* [TASK DIRECTIONS]:
With the pictures removed, set down all of the entries below exactly.

[RECORDS FOR THE TASK Boundary: Start]

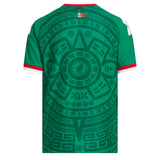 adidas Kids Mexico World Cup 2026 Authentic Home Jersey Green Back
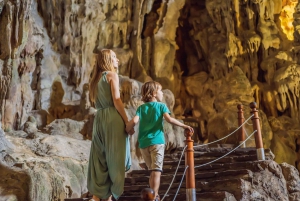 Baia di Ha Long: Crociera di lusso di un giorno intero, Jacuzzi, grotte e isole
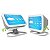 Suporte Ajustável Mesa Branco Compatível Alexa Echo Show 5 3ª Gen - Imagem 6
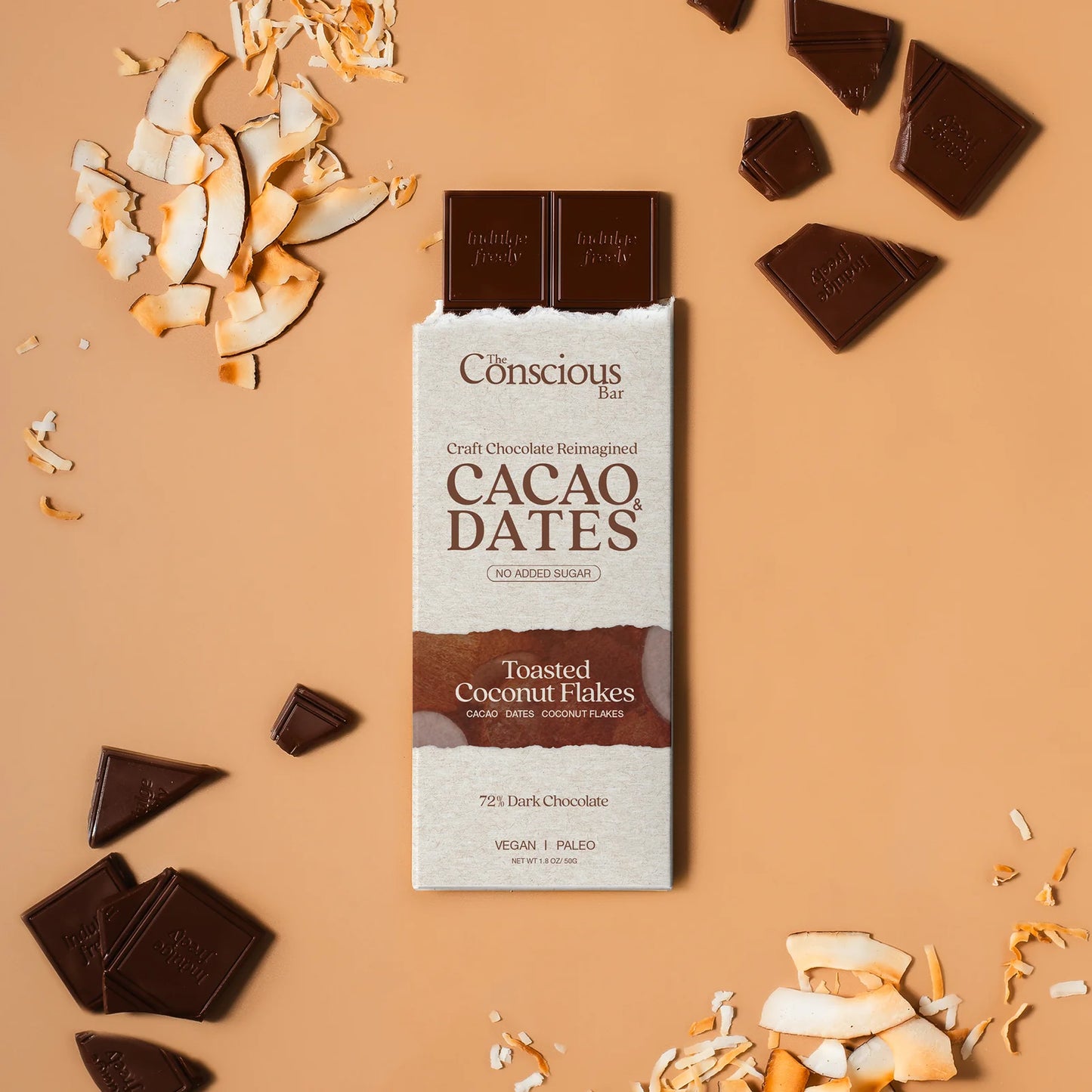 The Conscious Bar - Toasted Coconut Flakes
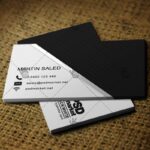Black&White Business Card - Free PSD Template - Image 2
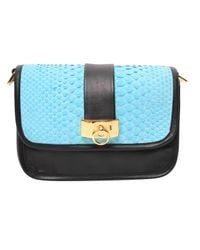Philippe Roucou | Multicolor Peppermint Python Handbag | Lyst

[RECORDS FOR THE TASK Boundary: End]

* [OUTPUT OF THE EXERCISE]:
 adidas Kids Mexico World Cup 2026 Authentic Home Jersey Green Back
 Baia di Ha Long: Crociera di lusso di un giorno intero, Jacuzzi, grotte e isole
 Suporte Ajustável Mesa Branco Compatível Alexa Echo Show 5 3ª Gen - Imagem 6
 The Conscious Bar - Toasted Coconut Flakes
Black&White Business Card - Free PSD Template - Image 2
Philippe Roucou | Multicolor Peppermint Python Handbag | Lyst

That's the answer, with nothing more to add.